In a June 2026 announcement, the European infrastructure company bunny.net eliminated all DNS query fees and made Bunny DNS free, including hosting for up to 500 domains per account. The only remaining cost is the platform's standard one dollar per month minimum spend that applies across every bunny.net service.

What did Bunny actually change?

The company removed usage based billing from DNS entirely. Bunny DNS previously charged per million queries, with a free allowance and paid tiers above it. That pricing structure is gone, replaced by free DNS hosting capped at 500 domains, with no per query charge regardless of traffic. To ease migration, Bunny added automatic zone scanning that reconstructs your records by checking common names and types, plus support for uploading a standard BIND file. Once records are in place, a single click can route traffic through the Bunny content delivery network.

Bunny DNS is not an ordinary record lookup service. The company describes it as a scriptable routing engine that can make decisions using latency data, health checks, and even JavaScript, rather than simply returning static records. That engine already powers Bunny's content delivery network, and the product handles close to 200 billion queries every month across more than 300,000 domains. Making it free turns the most technically demanding layer of the stack into a no cost entry point.

Why give away the product that powers the platform?

Because DNS is the on ramp to everything else Bunny sells. The company framed the move around its mission to make the internet faster, but the business logic is straightforward. DNS sits at the very start of every web request, so a developer who runs their DNS on Bunny is one click away from enabling the paid CDN, edge storage, video streaming, and security products. Giving away the entry layer is a customer acquisition strategy dressed as generosity, and it is a smart one.

There is also a defensive angle. Bunny grew without venture capital out of Slovenia, and it competes against Cloudflare, a far larger rival that built its own reputation on generous free tiers. Matching and undercutting Cloudflare on the foundational DNS layer is how a smaller European player stays in the conversation rather than getting squeezed out.

What does this mean for the Cloudflare alternative debate?

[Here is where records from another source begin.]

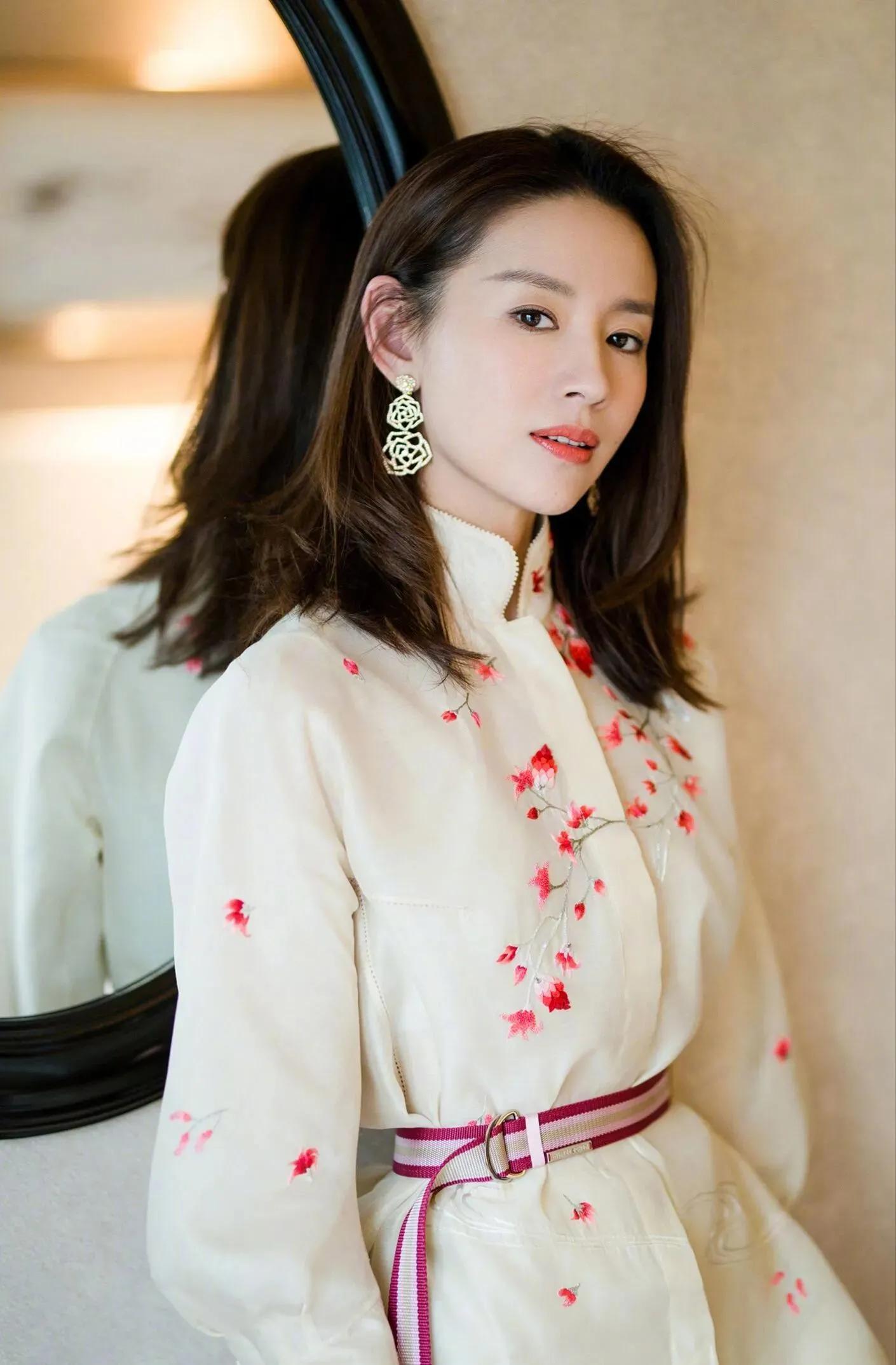 董洁：成熟优雅，气质如兰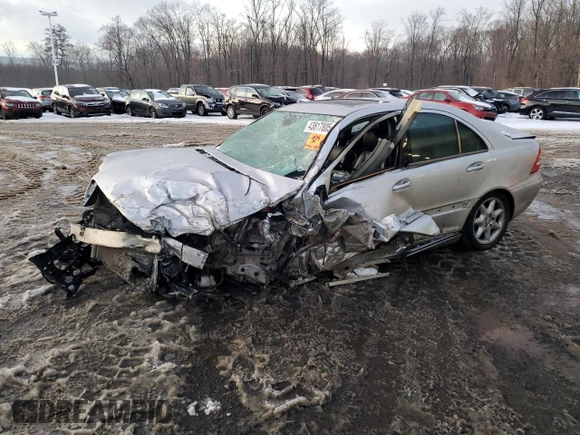 2003 Mercedes-Benz C 240 z VIN WDBRF81J43F408657, wystawiony jako Copart lot #43817805 z przebiegiem Nie podano mil oraz Szkoda całkowita • Salvage title. Historia ofert i sprzedaży dostępna na DreamBid. Obrazek 1.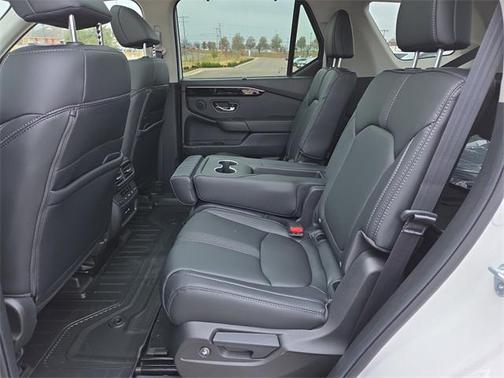 2025 Honda Pilot Touring 8-Passenger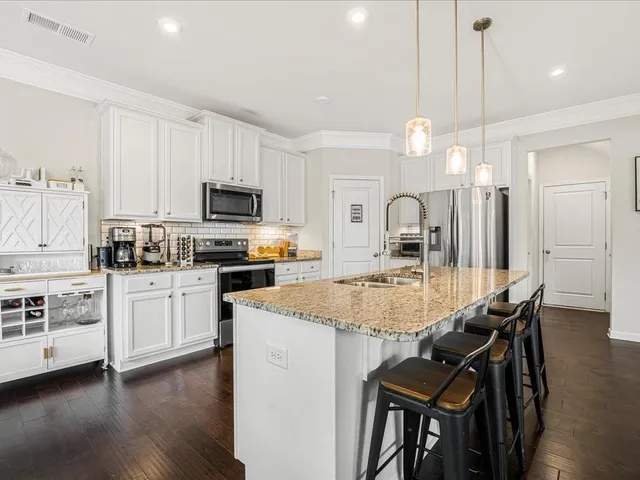 $389,900 | 4594 Grenadine Circle, Acworth, GA 30101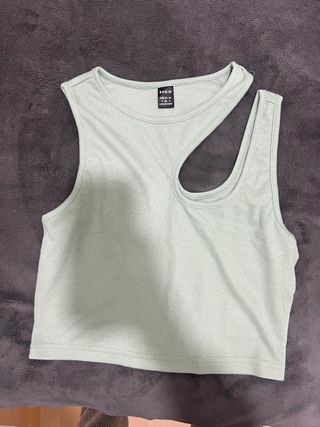 Camiseta verde asimétrica de Shein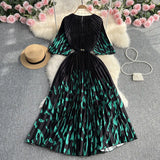 Fongt Ripe Wind Retro Temperament Three House Wrinkled A-Word Pleated Waist Show Thin Print Sleeve Round Collar To Receive Five Points Dress Female-Outfit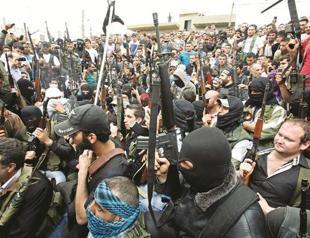 Further Syria fights spill over to streets of Beirut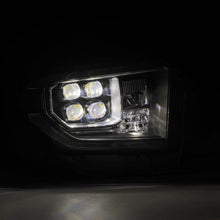 Laden Sie das Bild in den Galerie-Viewer, User 4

It sharpens an argument that has been building across European tech. Developers on Hacker News tied the news directly to a search for European alternatives to United States cloud giants, a theme that has gained urgency amid shifting United States and European Union politics. Not every European option competes cleanly. Hetzner, another favorite, drew criticism for repeatedly raising prices in 2026. Bunny moving the other direction, cutting cost to zero on a core product, is exactly the kind of pressure that keeps the alternative ecosystem credible.